Consumers who’ve had to deal with the delayed retrieval of check deposit funds will find a slight increase in liquidity and access with these new rules.

An amendment to the Expedited Funds Availability (EFA) Act will increase the minimum amount of available funds, following a check deposit, from the first $100 to the first $200. Banks must make the cash available for withdrawal by the opening of the next business day.

Filed under Regulation CC of the Dodd-Frank Financial Reform Act, the legislation will take effect starting July 21, 2011.

However, there are exceptions to the rules:

  1. when the deposited checks total more than $5,000 on any one bank business day;
  2. when a customer has repeatedly overdrawn on the account in the preceding six months (includes overdrafts on checks and debit card transactions);
  3. when the bank determines reasonable cause to believe that a deposited check will not be paid;
  4. when a check is re-deposited that has been previously been return unpaid;
  5. when an emergency occurs, such as failure of computer or communication equipment.

Each bank has its own deposit availability schedule, as well as varying bank business hours, that can affect how funds of a deposited check are cleared.
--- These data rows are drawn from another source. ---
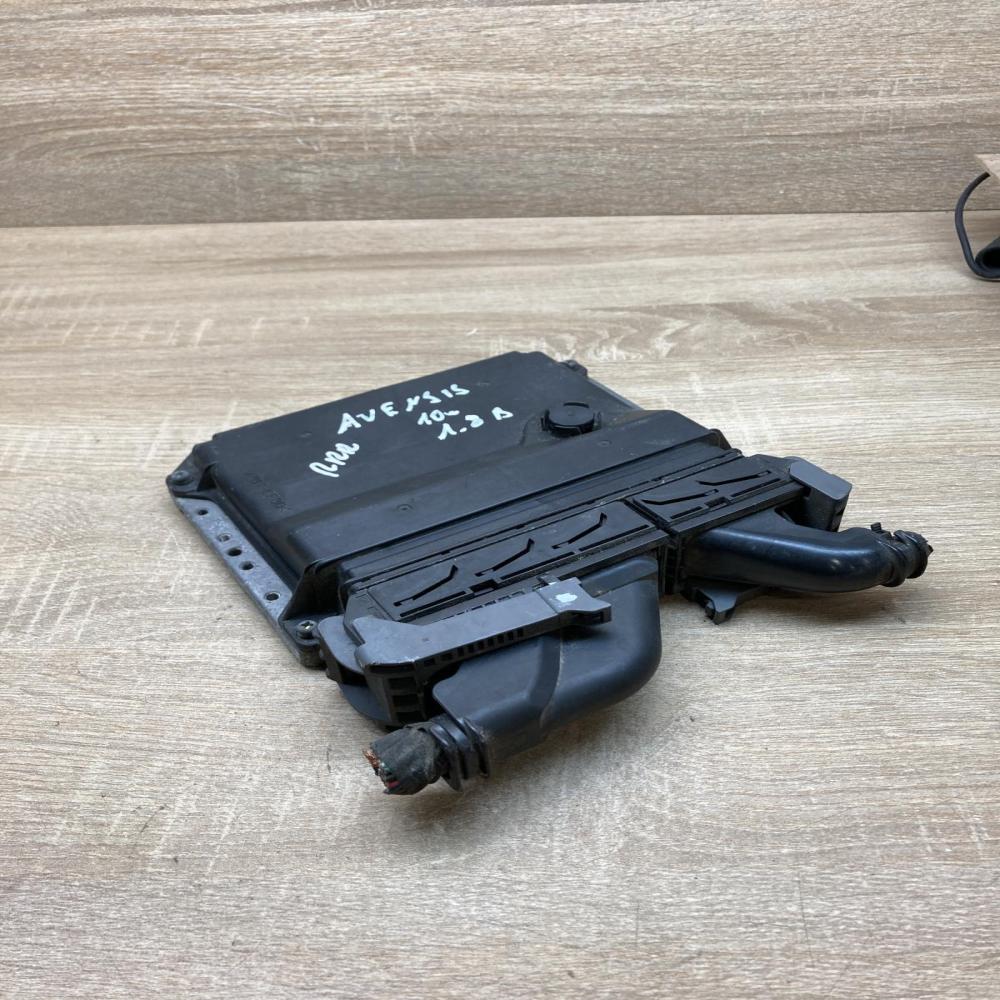 89661 05D81 8966105D81 MB275400 1141 Engine control unit/module ECU Toyota Avens
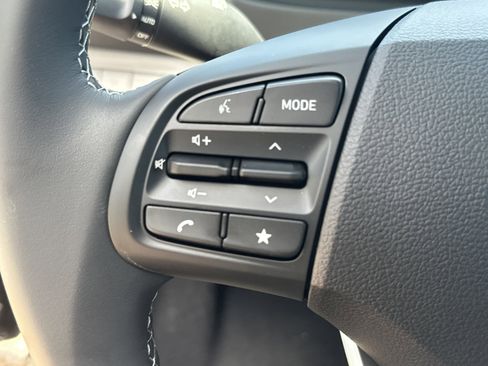 New 2025 Hyundai Venue SEL image 25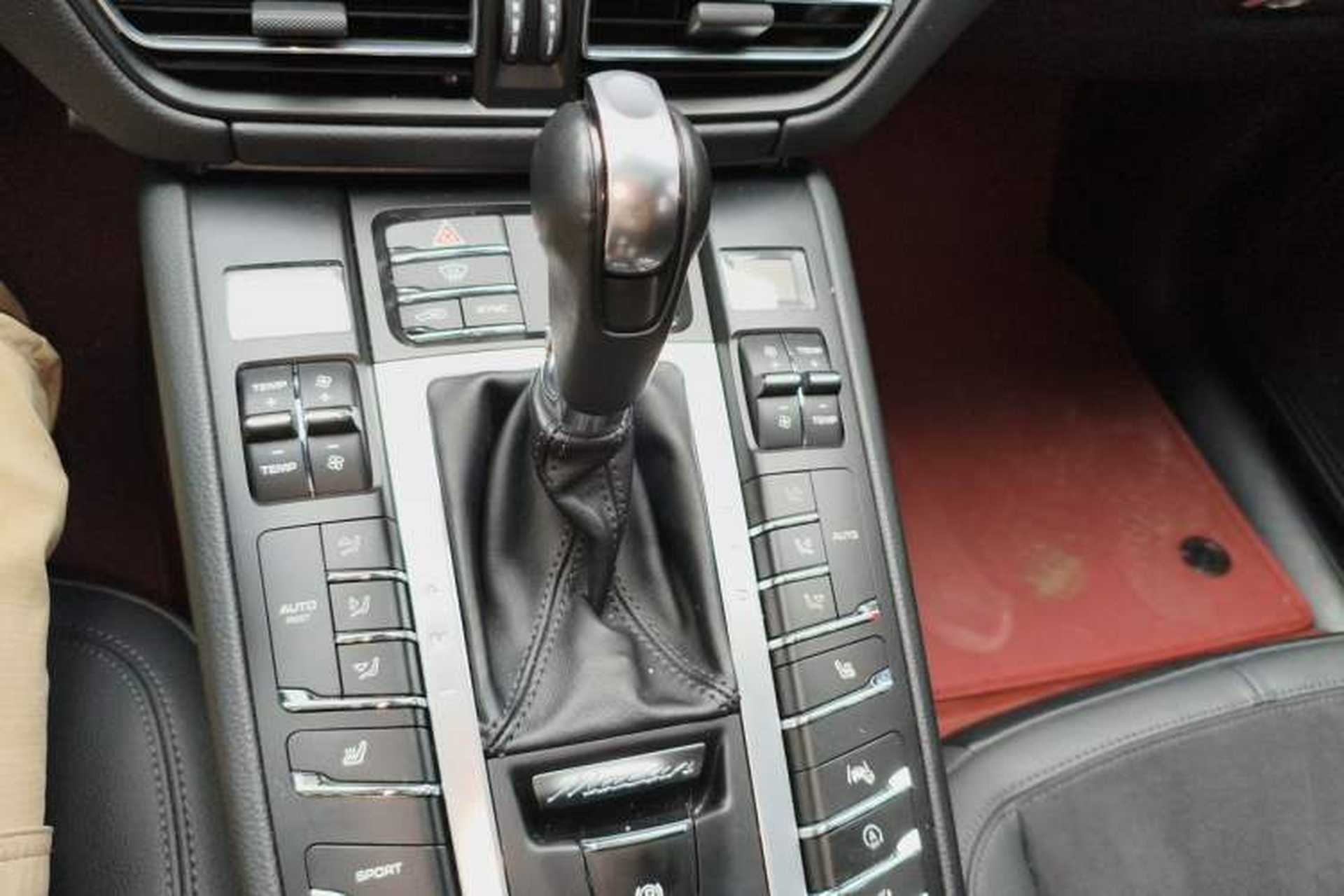 Used Porsche Macan 2020 Macan 2.0T Gear Lever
Funds tend to be most readily available when checks deposited in person through a bank teller, compared to those deposited at an ATM, night depositories, and remote deposit capture.

To know when the funds of a specific check deposit will available, customers are advised to ask to contact the bank.

Consumers will be receiving updated account agreements and disclosures to notify them of the coming changes.

Oversight authority of this law will be divided among the OCC, Federal Reserve, FDIC, Office of Thrift Supervision, and NCUAB.